→ **Instructions to follow**
In the listing below, locate the line with "Frosch - Lavavajillas" and the line with "Mixed Bag Tumble", then output both and everything between them exactly, minus any pictures.

→ **Material shown**
######

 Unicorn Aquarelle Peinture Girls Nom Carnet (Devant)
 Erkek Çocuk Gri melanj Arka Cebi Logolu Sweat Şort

######

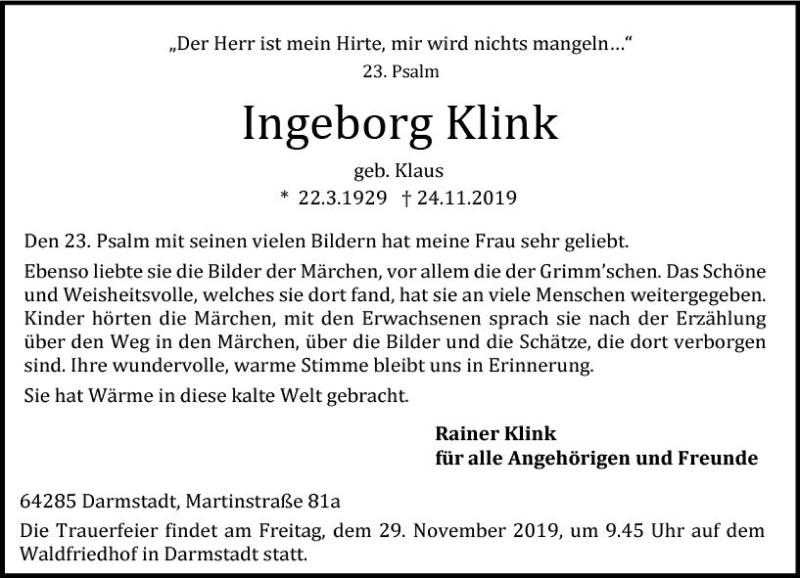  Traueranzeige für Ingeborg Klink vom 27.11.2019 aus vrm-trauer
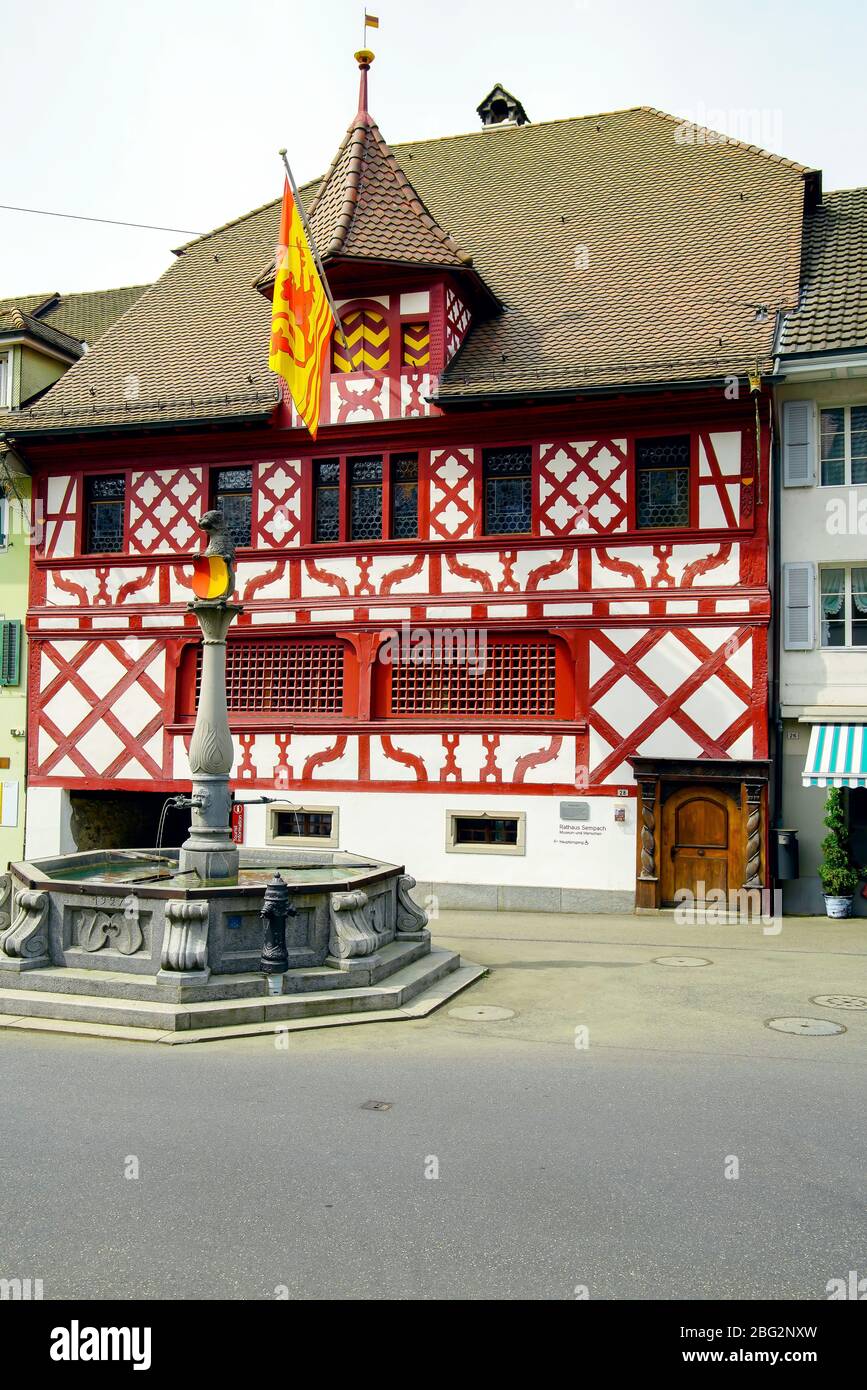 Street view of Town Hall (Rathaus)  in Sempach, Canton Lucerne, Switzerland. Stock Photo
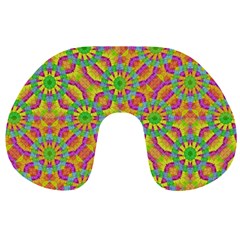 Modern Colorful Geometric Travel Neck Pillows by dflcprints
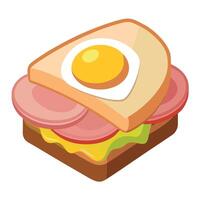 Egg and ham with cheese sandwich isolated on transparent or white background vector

######

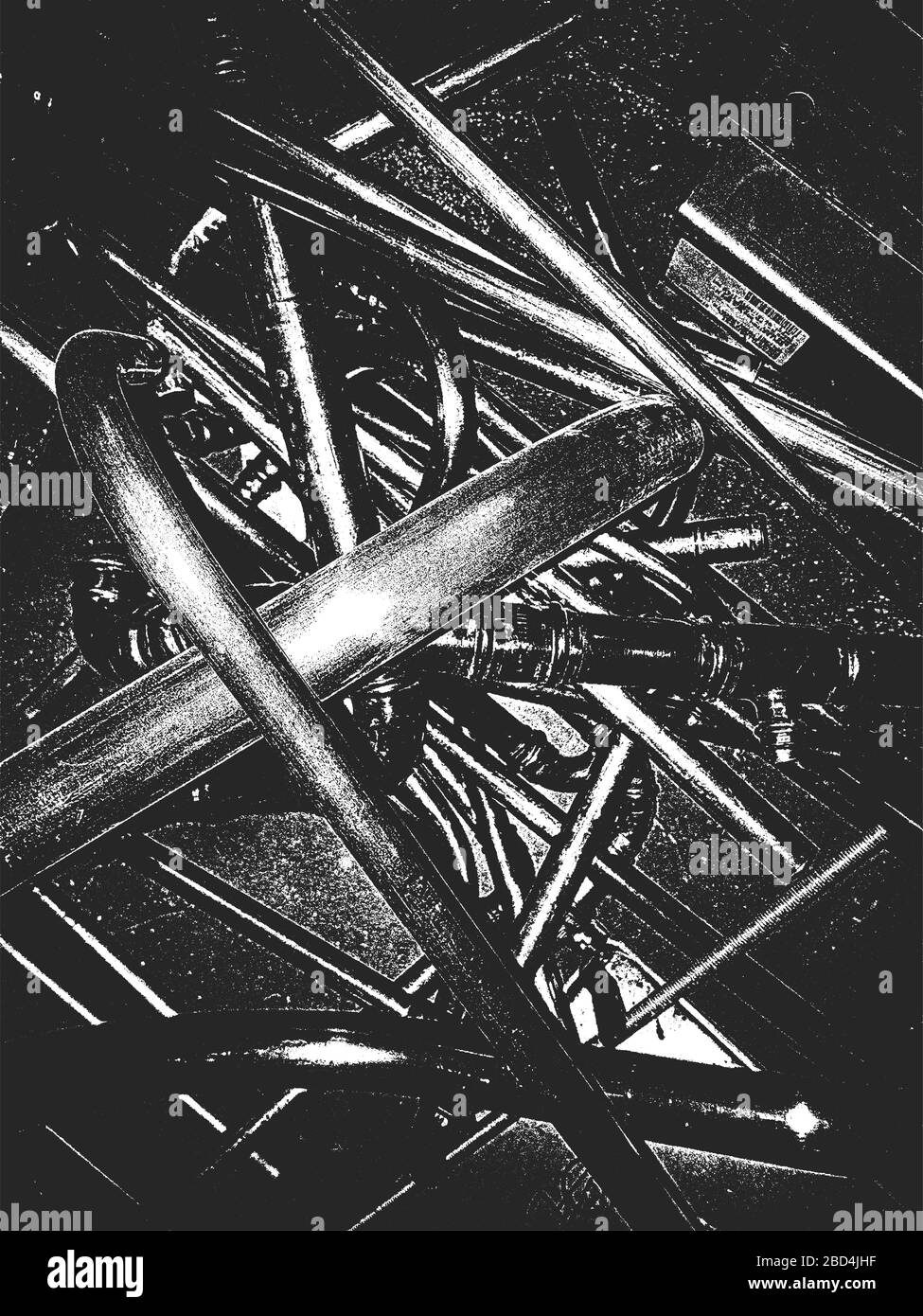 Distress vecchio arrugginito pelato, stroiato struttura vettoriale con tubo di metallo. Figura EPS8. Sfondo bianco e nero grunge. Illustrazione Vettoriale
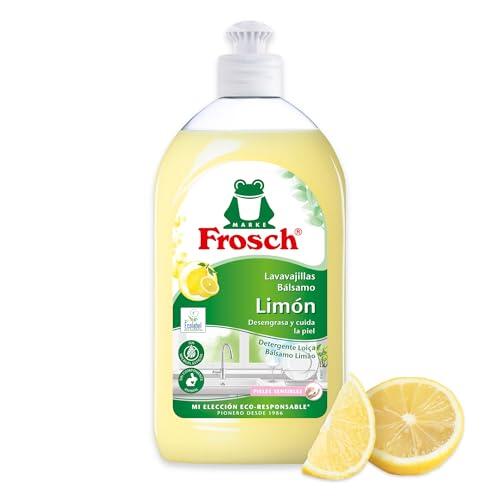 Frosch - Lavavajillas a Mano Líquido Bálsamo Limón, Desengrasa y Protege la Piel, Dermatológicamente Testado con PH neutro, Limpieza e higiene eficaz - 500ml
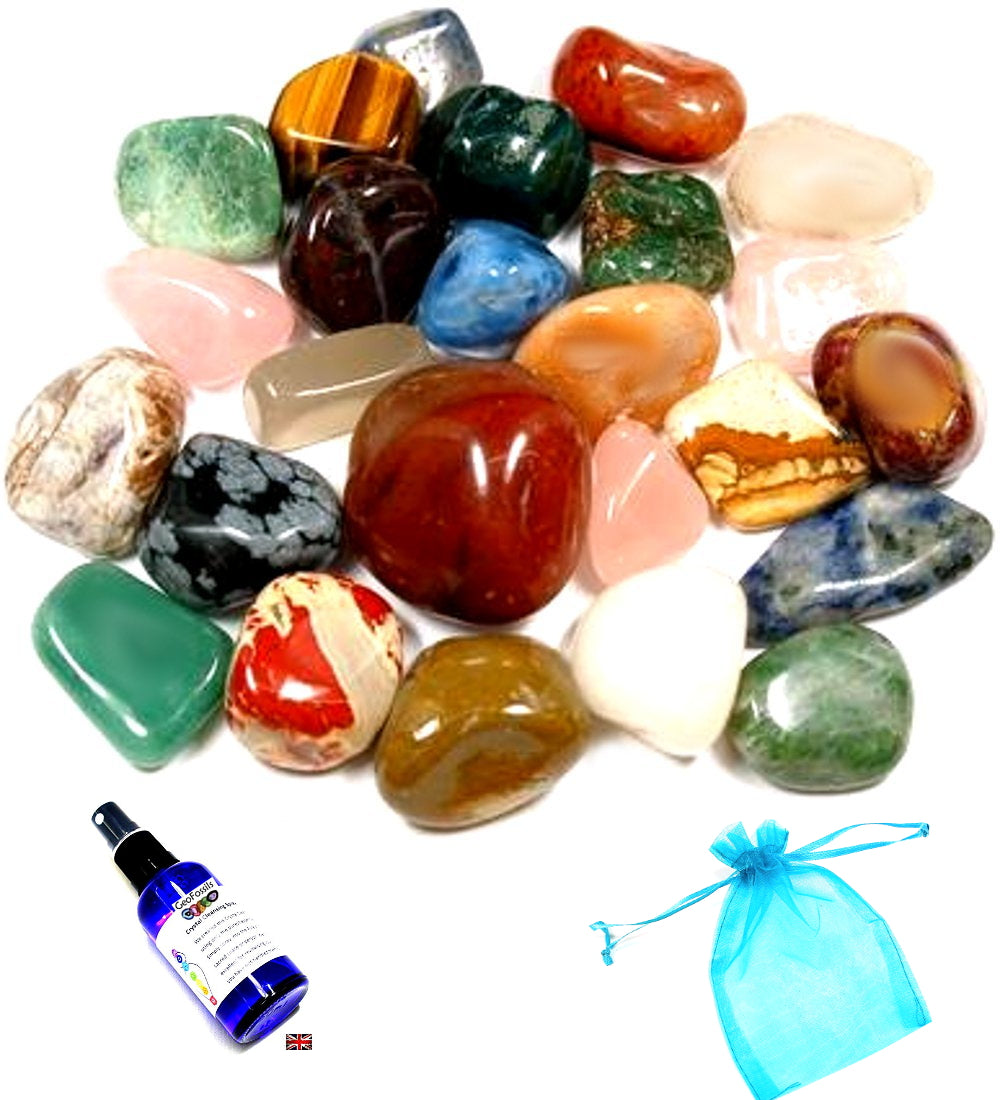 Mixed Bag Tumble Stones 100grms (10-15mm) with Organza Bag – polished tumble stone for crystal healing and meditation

######

→ **Solution to this task**
 Frosch - Lavavajillas a Mano Líquido Bálsamo Limón, Desengrasa y Protege la Piel, Dermatológicamente Testado con PH neutro, Limpieza e higiene eficaz - 500ml
 Mixed Bag Tumble Stones 100grms (10-15mm) with Organza Bag – polished tumble stone for crystal healing and meditation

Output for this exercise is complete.